▶ **Work instruction**: Your response should consist solely of the lines from the one containing "16960 SW 276th St - Photo 3 of 18" through the end of the data, copied exactly.

Scraped caption text data:
━━━━━━━━━━

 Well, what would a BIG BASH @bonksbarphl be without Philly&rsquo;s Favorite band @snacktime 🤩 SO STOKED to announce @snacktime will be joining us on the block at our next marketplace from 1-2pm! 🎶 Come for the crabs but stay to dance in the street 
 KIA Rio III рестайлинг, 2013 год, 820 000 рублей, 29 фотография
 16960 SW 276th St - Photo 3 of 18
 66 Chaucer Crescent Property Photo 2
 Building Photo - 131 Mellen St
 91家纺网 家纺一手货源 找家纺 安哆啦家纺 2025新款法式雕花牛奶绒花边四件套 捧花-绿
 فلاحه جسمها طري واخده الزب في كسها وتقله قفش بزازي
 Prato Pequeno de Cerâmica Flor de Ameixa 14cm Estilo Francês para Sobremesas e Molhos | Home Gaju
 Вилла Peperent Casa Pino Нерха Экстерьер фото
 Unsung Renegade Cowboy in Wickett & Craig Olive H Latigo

━━━━━━━━━━

▶ **Written solution**:
 16960 SW 276th St - Photo 3 of 18
 66 Chaucer Crescent Property Photo 2
 Building Photo - 131 Mellen St
 91家纺网 家纺一手货源 找家纺 安哆啦家纺 2025新款法式雕花牛奶绒花边四件套 捧花-绿
 فلاحه جسمها طري واخده الزب في كسها وتقله قفش بزازي
 Prato Pequeno de Cerâmica Flor de Ameixa 14cm Estilo Francês para Sobremesas e Molhos | Home Gaju
 Вилла Peperent Casa Pino Нерха Экстерьер фото
 Unsung Renegade Cowboy in Wickett & Craig Olive H Latigo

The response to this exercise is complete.